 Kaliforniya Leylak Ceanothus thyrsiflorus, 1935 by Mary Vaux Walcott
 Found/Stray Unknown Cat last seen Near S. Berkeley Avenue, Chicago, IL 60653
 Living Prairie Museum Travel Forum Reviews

* * *

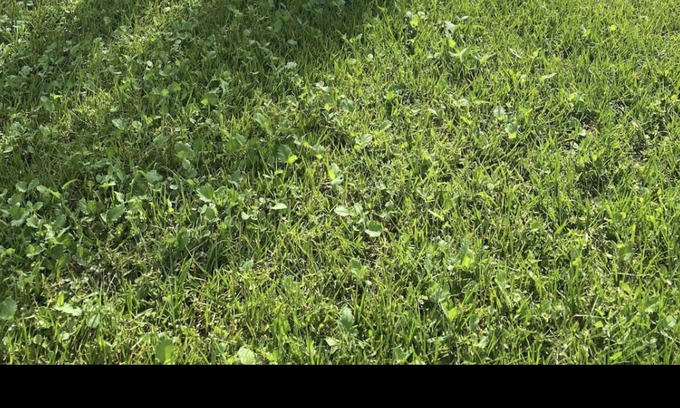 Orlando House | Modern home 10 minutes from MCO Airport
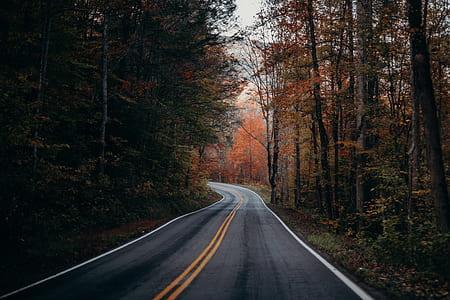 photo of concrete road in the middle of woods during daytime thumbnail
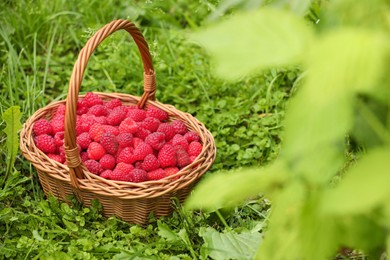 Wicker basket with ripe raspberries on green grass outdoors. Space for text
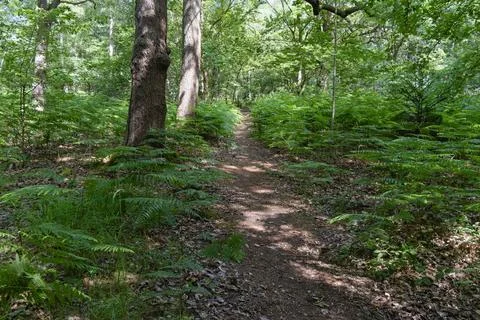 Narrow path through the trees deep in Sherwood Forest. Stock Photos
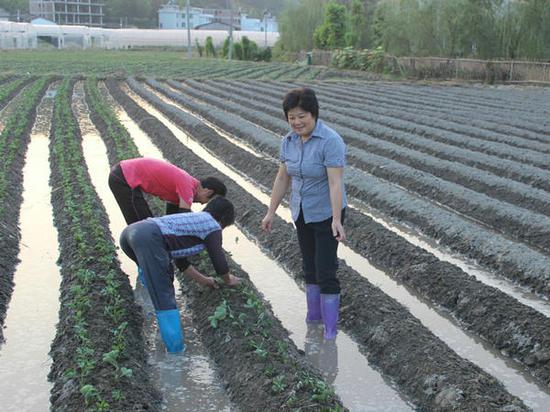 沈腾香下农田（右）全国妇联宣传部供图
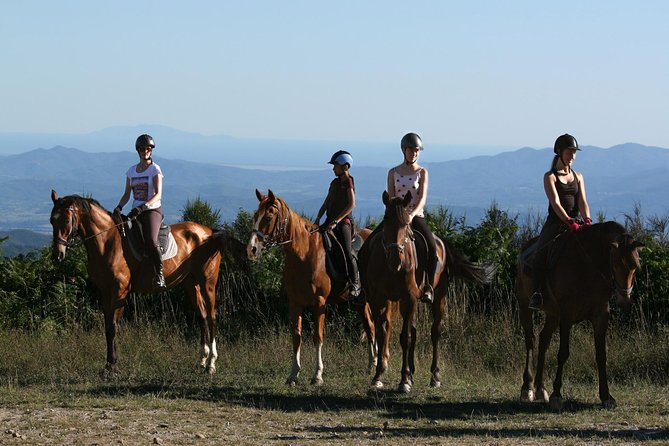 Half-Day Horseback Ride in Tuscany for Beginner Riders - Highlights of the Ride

==

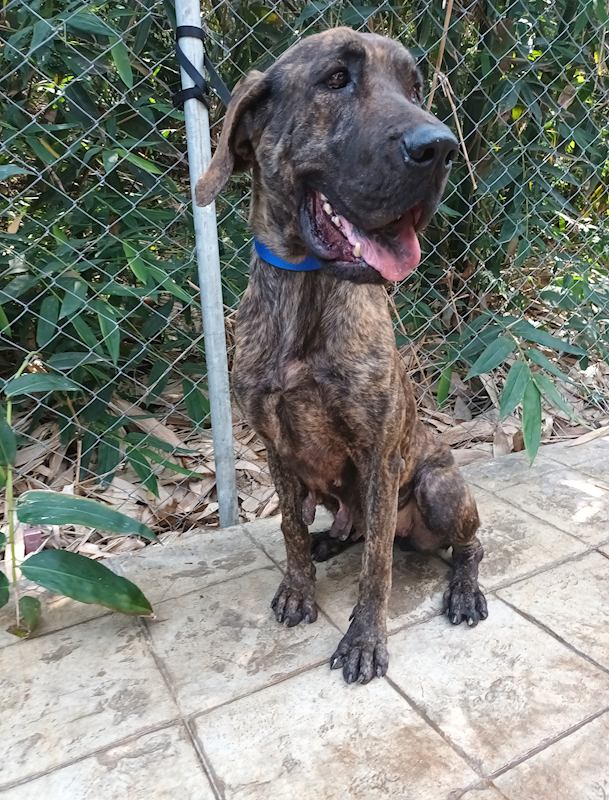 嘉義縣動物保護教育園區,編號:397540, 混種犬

__Work to be completed__: Copy the records above exactly, beginning at the line that contains "Kaliforniya Leylak Ceanothus" and stopping after the line that contains "Living Prairie Museum Travel Forum Reviews".

__Written reply__:
 Kaliforniya Leylak Ceanothus thyrsiflorus, 1935 by Mary Vaux Walcott
 Found/Stray Unknown Cat last seen Near S. Berkeley Avenue, Chicago, IL 60653
 Living Prairie Museum Travel Forum Reviews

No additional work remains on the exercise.